Labor dispossessed from its individual, particular abilities to provide for the laborer; labor stripped of its use; labor as time; time as the measure for exchange. Labor’s loss is time.
If time is the measure, then absent that bigger fool of whom every capitalist dreams, then the formal exchanges of commodities have to be equal, and fair; they have to be exchanges of time for time.
The reduction of labor to time is only possible because of labor’s capacity to create greater quantities than can be directly consumed. The time of labor is a quality; the quality is the ability of labor to convert itself into material products extending forward in time, beyond its own particular, and immediate, needs; to create surplus; to overproduce.
Labor’s ability to overproduce is precisely what is captured, fixed, by capital in the conversion of labor time into value.
Within the fairness, the equality of exchange of labor for wages, the unequal exchange of quality, time, for quantity takes place. Only a portion of the labor time is compensated, that time necessary for the reproduction of the laborers as a value-producing class; only that portion required for the workers to expand the reproduction of capital.
The more this labor power produces, the relatively less the power of labor; the more this labor power produces, the proportionately less is returned to the laborers; the more this labor power produces, the less the need, use, production and reproduction of labor makes up the value of the products; the more this labor power produces, the more the surplus labor, the surplus product, the surplus value, the overproduction is converted into the property of the capitalist; the more this labor power produces, the more the capital displaces, outweighs labor power in the process of reproduction; the more this labor power produces, the more the productivity of labor is consumed by and converted into the overproduction of capital.
Overproduction, inherent in the organization of labor as wage-labor, is the source and the limit to the aggrandizement of surplus-value. Overproduction is the origin and barrier to profitability. Overproduction is always the overproduction of capital, and is capital’s immanent critique.
The extraction of proportionately greater amounts of surplus labor time through reducing the time necessary for the laborers to reproduce, “work up,” values equal to their own wages, does not, and cannot, increase the new value embodied in the individual commodities, or the value of the commodities in total. Time is time.
Exchange is based on the formal equality of capital’s values, of time for time. The valorisation of capital, its expansion, requires a growing inequality in the exchange between the components internal to capitalist production, an exchange of less time for greater time—of objectified, quantified time for the quality of labor power, its surplus labor time.

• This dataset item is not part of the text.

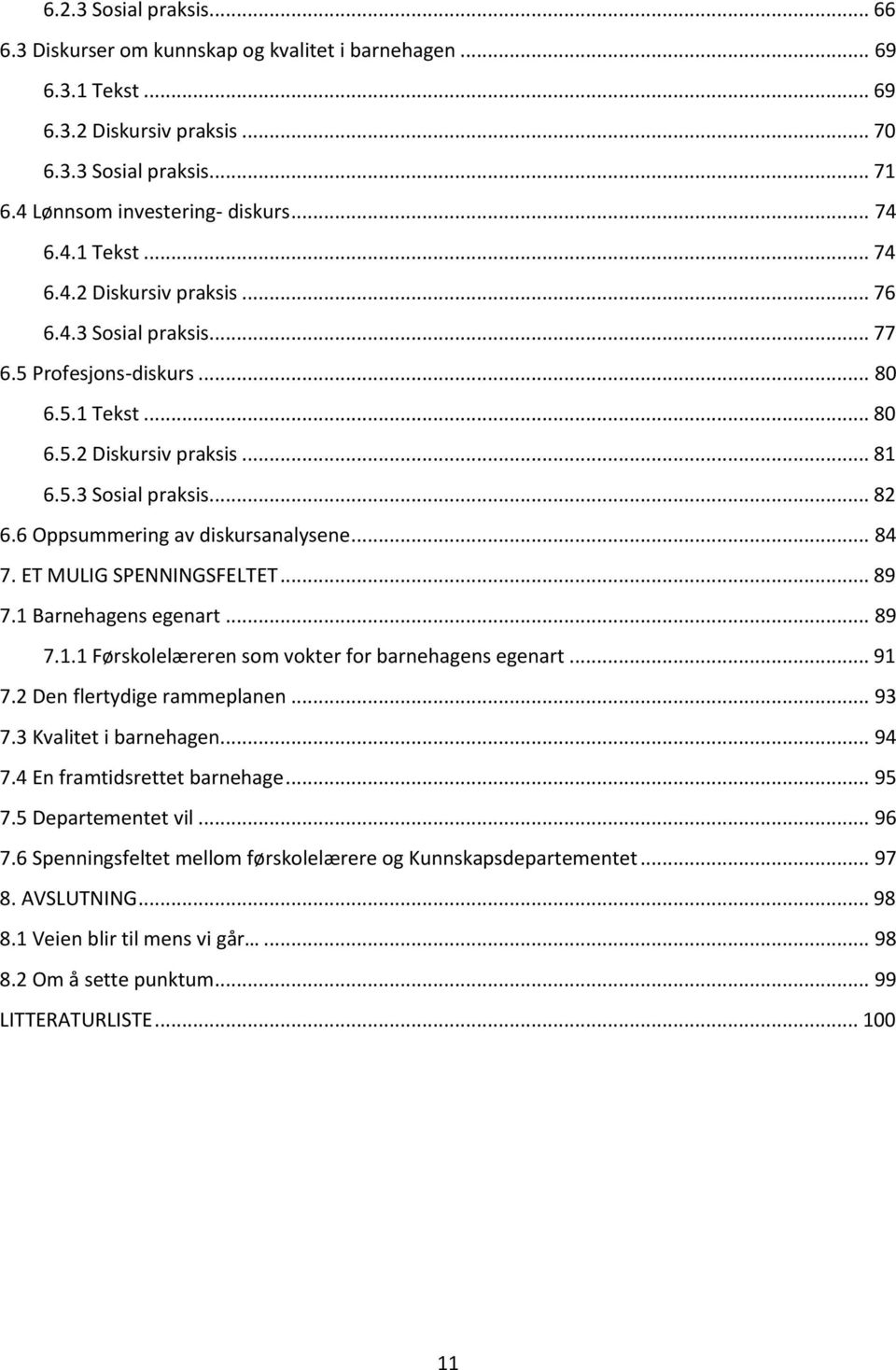 6 Oppsummering av diskursanalysene... 84 7. ET MULIG SPENNINGSFELTET... 89 7.1 Barnehagens egenart... 89 7.1.1 Førskolelæreren som vokter for barnehagens egenart... 91 7.2 Den flertydige rammeplanen.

Valorisation, expanded reproduction, accumulation, all these are simply manifestations of the conflict that is the heart of capitalism. From the critique of Hegel’s Philosophy of Right, Marx gets us to that heart—overproduction.
3. Elephant on a Skateboard
Since 2001, the number of production workers has declined by 21.9 percent in U.S. manufacturing industries. Economists, business school professors, union bureaucrats, journalists, politicians, some of the living junk of this junk bond capitalism, have attributed this decline to capital flight, taxes, regulation, union representation, competition, outsourcing—all of which supposedly restrict, and subvert, the natural, exuberant, uninhibited productivity of capital.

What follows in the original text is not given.